◆ What to work on
The listing must be reproduced in full, exactly as it stands.

◆ Records supplied
▬▬▬▬▬▬▬▬▬▬
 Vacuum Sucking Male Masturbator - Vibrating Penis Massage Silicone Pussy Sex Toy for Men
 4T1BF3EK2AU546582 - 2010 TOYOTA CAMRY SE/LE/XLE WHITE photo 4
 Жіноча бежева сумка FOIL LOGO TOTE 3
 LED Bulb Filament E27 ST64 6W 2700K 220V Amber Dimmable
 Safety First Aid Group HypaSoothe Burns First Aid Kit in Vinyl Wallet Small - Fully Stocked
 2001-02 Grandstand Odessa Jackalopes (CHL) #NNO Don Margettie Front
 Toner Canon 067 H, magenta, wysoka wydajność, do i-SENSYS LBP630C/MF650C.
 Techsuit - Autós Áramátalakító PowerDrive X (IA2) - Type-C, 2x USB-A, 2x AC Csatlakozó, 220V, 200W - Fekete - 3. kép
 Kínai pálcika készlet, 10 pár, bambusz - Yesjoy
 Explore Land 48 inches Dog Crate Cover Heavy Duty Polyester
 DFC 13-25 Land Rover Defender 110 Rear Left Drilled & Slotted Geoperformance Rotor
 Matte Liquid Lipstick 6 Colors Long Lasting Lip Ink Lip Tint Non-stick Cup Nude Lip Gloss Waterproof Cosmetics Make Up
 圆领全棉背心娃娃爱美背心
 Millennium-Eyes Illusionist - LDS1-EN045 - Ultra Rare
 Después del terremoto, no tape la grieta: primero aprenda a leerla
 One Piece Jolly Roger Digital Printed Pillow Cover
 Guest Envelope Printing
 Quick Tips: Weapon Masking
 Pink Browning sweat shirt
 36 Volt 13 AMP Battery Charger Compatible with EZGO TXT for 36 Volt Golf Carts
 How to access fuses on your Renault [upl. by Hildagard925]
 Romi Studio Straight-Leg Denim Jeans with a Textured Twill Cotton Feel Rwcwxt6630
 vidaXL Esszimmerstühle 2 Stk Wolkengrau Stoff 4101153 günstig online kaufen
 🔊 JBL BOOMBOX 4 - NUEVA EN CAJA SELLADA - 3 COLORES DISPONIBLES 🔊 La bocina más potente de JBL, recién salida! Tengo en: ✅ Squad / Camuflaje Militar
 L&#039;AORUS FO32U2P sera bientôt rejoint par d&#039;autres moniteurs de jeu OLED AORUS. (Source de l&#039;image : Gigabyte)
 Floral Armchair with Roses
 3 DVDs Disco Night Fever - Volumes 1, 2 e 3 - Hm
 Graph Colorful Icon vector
▬▬▬▬▬▬▬▬▬▬
◆ Answer for this exercise
 Vacuum Sucking Male Masturbator - Vibrating Penis Massage Silicone Pussy Sex Toy for Men
 4T1BF3EK2AU546582 - 2010 TOYOTA CAMRY SE/LE/XLE WHITE photo 4
 Жіноча бежева сумка FOIL LOGO TOTE 3
 LED Bulb Filament E27 ST64 6W 2700K 220V Amber Dimmable
 Safety First Aid Group HypaSoothe Burns First Aid Kit in Vinyl Wallet Small - Fully Stocked
 2001-02 Grandstand Odessa Jackalopes (CHL) #NNO Don Margettie Front
 Toner Canon 067 H, magenta, wysoka wydajność, do i-SENSYS LBP630C/MF650C.
 Techsuit - Autós Áramátalakító PowerDrive X (IA2) - Type-C, 2x USB-A, 2x AC Csatlakozó, 220V, 200W - Fekete - 3. kép
 Kínai pálcika készlet, 10 pár, bambusz - Yesjoy
 Explore Land 48 inches Dog Crate Cover Heavy Duty Polyester
 DFC 13-25 Land Rover Defender 110 Rear Left Drilled & Slotted Geoperformance Rotor
 Matte Liquid Lipstick 6 Colors Long Lasting Lip Ink Lip Tint Non-stick Cup Nude Lip Gloss Waterproof Cosmetics Make Up
 圆领全棉背心娃娃爱美背心
 Millennium-Eyes Illusionist - LDS1-EN045 - Ultra Rare
 Después del terremoto, no tape la grieta: primero aprenda a leerla
 One Piece Jolly Roger Digital Printed Pillow Cover
 Guest Envelope Printing
 Quick Tips: Weapon Masking
 Pink Browning sweat shirt
 36 Volt 13 AMP Battery Charger Compatible with EZGO TXT for 36 Volt Golf Carts
 How to access fuses on your Renault [upl. by Hildagard925]
 Romi Studio Straight-Leg Denim Jeans with a Textured Twill Cotton Feel Rwcwxt6630
 vidaXL Esszimmerstühle 2 Stk Wolkengrau Stoff 4101153 günstig online kaufen
 🔊 JBL BOOMBOX 4 - NUEVA EN CAJA SELLADA - 3 COLORES DISPONIBLES 🔊 La bocina más potente de JBL, recién salida! Tengo en: ✅ Squad / Camuflaje Militar
 L&#039;AORUS FO32U2P sera bientôt rejoint par d&#039;autres moniteurs de jeu OLED AORUS. (Source de l&#039;image : Gigabyte)
 Floral Armchair with Roses
 3 DVDs Disco Night Fever - Volumes 1, 2 e 3 - Hm
 Graph Colorful Icon vector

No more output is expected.